Dieser Leidenschaft blieb Henke treu, nachdem er wieder in Österreich war, absolvierte zunächst eine klassische Klavierausbildung, lernte schließlich Jazz-Piano bei Philippine Duchateau und spielte unter anderem in Formationen wie Drugstore und dem Herbie Smith Department. Außerdem arbeitete er in den 90ern mit dem US-amerikanischen Sänger Jul Lekey an einem Soul-Projekt und trat 2010 in Niddl & the NoNo Band mit der österreichischen Sängerin Anita Ritzl auf.

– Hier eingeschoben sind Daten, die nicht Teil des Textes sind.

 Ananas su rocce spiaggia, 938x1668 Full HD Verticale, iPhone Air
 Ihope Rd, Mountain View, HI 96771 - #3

Der Ursprung der "running hybrids" reicht bis 2005 zurück. Damals scharte Georg Henke bereits einen Bassisten und einen Drummer um sich; das Trio hieß "wilful" und erreichte bei einem österreichischen Bandwettbewerb den dritten Platz. Aus "wilful" formten sich die "running hybrids", nun bestehend aus Kontrabass, Schlagzeug, Saxophon und Henkes Keyboard sowie der Sängerin Mary Broadcast, die einige Jahre später wieder aus der Band ausschied.

Wie es sich für eine echte Jazzband gehört, ist die Formation regelmäßig live zu sehen – natürlich  nicht nur in verrauchten Kellern. Die "running hybrids" spielten unter anderem schon beim Jazzfestival Frankfurt, dem bayrischen Jazzweekend und den Jazztagen Baden in Österreich. Dabei besteht die Combo nur aus zwei festen Mitgliedern, Georg Henke und Bassist Otto Scheidl. Drums, Saxofon und Vocals sind mehrfach besetzt, denn: "Wer gerade in seinem Tourplan Zeit findet, spielt bei uns", erklärt Henke das live-Konzept, "darunter sind auch echte Größen wie Tommy Böröcz, der unter anderem bereits mit Jaco Pastorius und Joe Zawinul gespielt hat, oder David Piribauer, der Drummer von Beyoncé." Auch live sind die "running hybrids" eben eine echte compilation.